En el ámbito laboral, la Ley Federal del Trabajo (LFT) establece como regla general que el salario debe pagarse en efectivo y en moneda de curso legal, salvo que el trabajador consienta expresamente que el pago se realice mediante depósito o transferencia electrónica. Esta disposición busca garantizar que el trabajador reciba su pago de forma accesible, clara y segura, especialmente en regiones o sectores donde el sistema bancario aún tiene baja penetración. Es decir, el pago en efectivo no solo está permitido, sino que forma parte de las garantías mínimas laborales.
Desde el punto de vista fiscal, las reglas cambian. El artículo 27 de la Ley del Impuesto sobre la Renta (LISR) señala que no serán deducibles los pagos en efectivo que excedan los $2,000 pesos, salvo ciertas excepciones. Entre estas se encuentra precisamente la nómina: de acuerdo con el Reglamento de la LISR, los sueldos pagados en efectivo son deducibles si existe un CFDI de nómina correctamente emitido, lo que permite rastrear el ingreso y validar su procedencia y destino. La clave está en la trazabilidad fiscal.
El Servicio de Administración Tributaria (SAT) ha reiterado que el comprobante fiscal digital por internet (CFDI) actúa como la llave maestra para la deducción de sueldos, independientemente del medio físico en que se haya efectuado el pago. La autoridad fiscal no exige que el pago sea por transferencia bancaria o cheque para efectos de deducción, sino que exista un CFDI de nómina emitido conforme a los requisitos legales y fiscales.
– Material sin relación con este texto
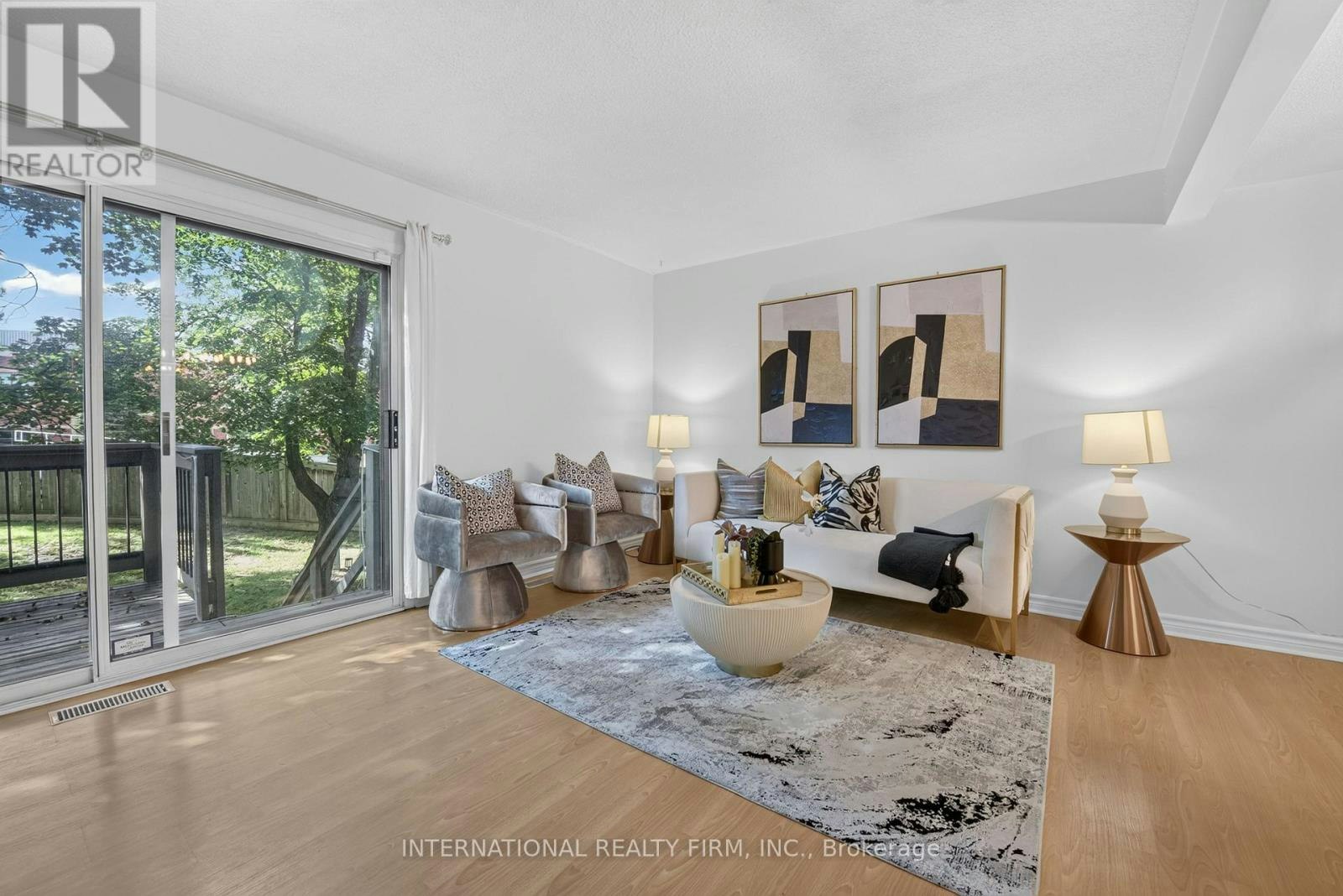 15-6855 Glen Erin Drive, Mississauga, ON, L5N 1P6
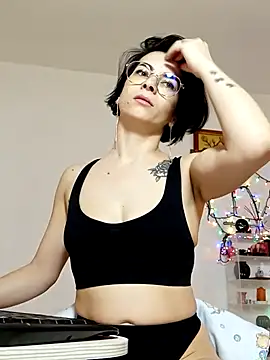 emacandy online show from February 2026 08:18:01 AM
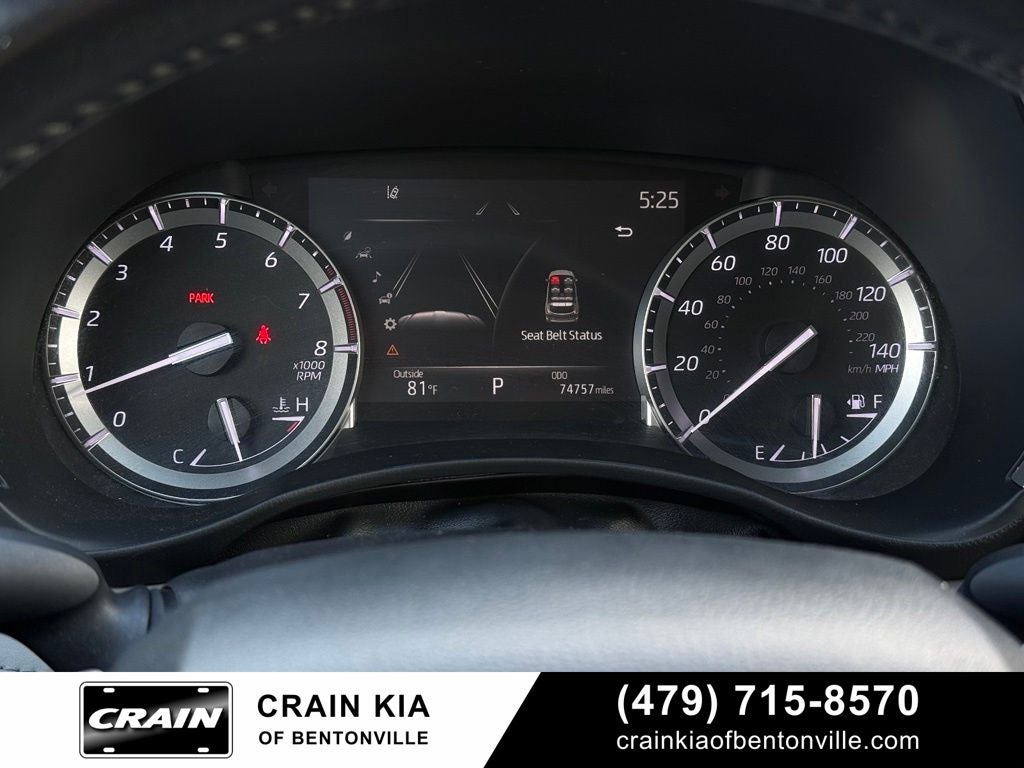 2022 Toyota Highlander XLE - CLEAN CARFAX / SUNROOF
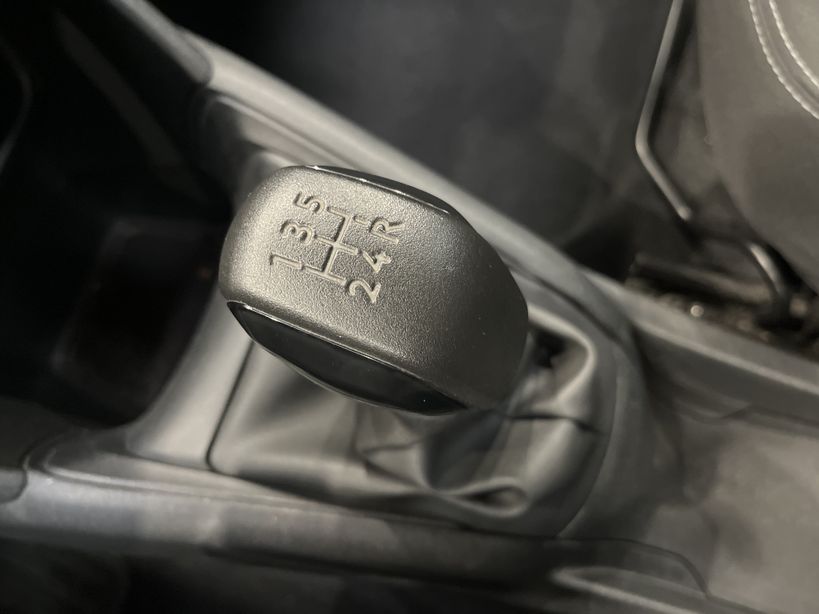 PEUGEOT 208 2013 - Photo n°15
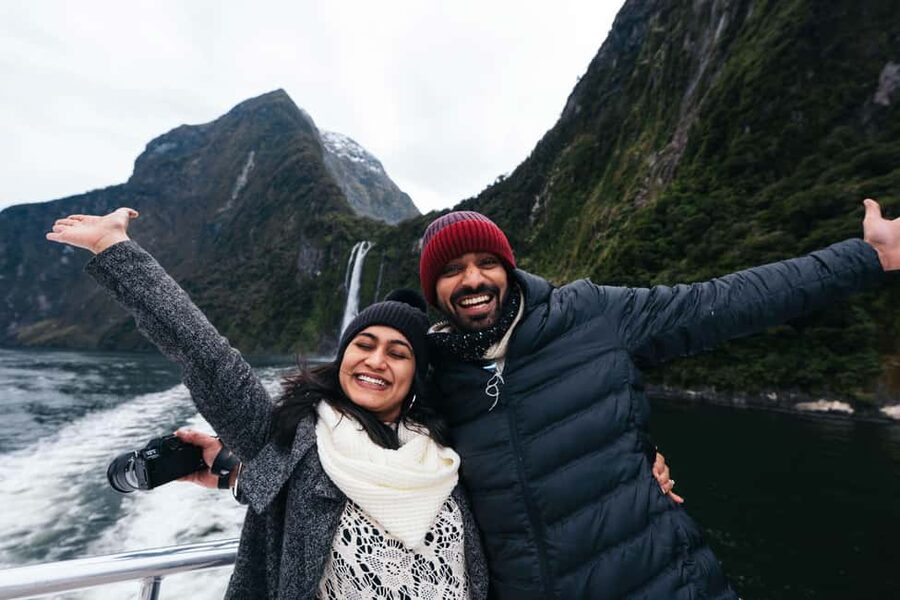Queenstown: Milford Sound Coach & Cruise Full-Day Trip - Lunch, tea, and what to pack for a cold-wet Fiordland day
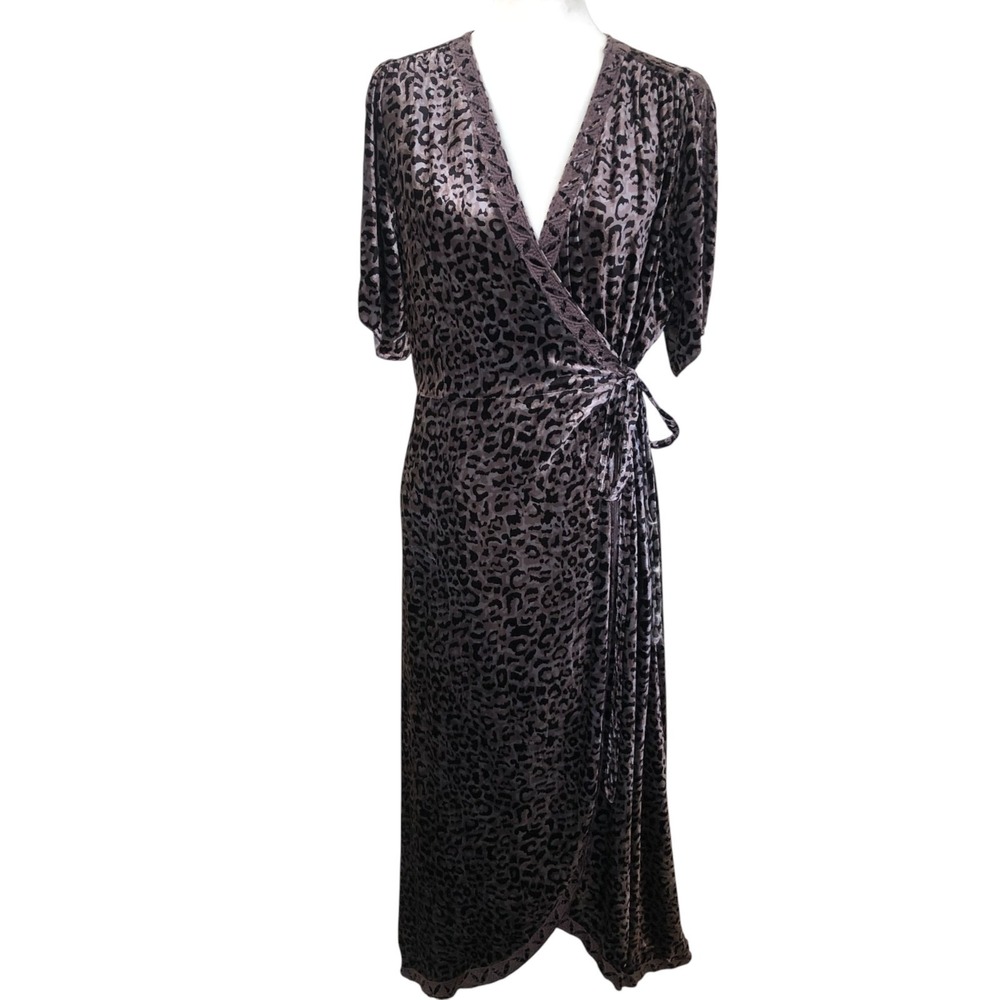 JOHNNY WAS Deep V-Neck Elegant Ombre Leopard Silk Velvet‎ Wrap Midi Dress M $330 - Picture 2 of 16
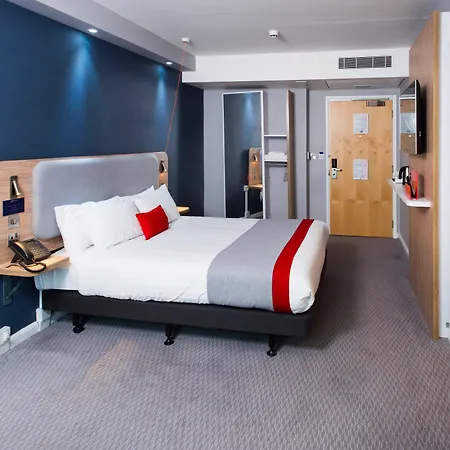 Готель Express Leeds Centre - Armouries By Ihg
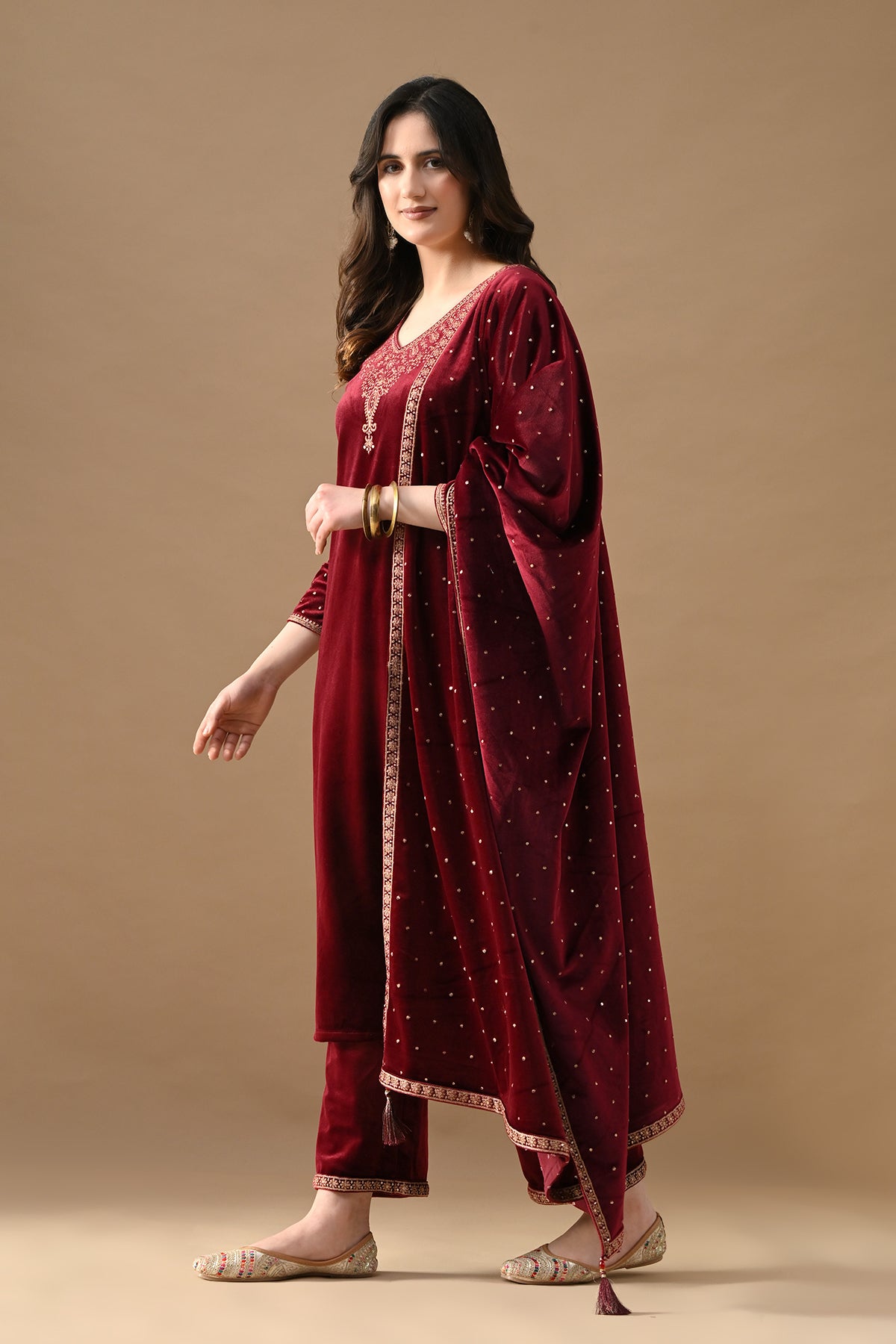 Maroon Velvet Embroidered 3 Pcs Kurta Set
En este sentido, no existe contradicción entre el marco laboral y el fiscal. La LFT protege al trabajador al priorizar el pago en efectivo, mientras que la LISR permite la deducción de dicho salario siempre que exista la documentación digital correcta. En la práctica, esto significa que los patrones pueden pagar en efectivo y aún así deducir ese gasto, siempre y cuando timbren correctamente el CFDI de nómina, incluyendo los conceptos, percepciones, deducciones y complementos exigidos por el SAT.
El cumplimiento correcto en ambas esferas no solo asegura deducibilidad fiscal, sino también certeza laboral y evita riesgos en auditorías. Por ello, se recomienda a los empleadores emitir siempre el CFDI de nómina correspondiente, sin importar el método físico de pago utilizado, para cumplir cabalmente tanto con la legislación laboral como con la fiscal.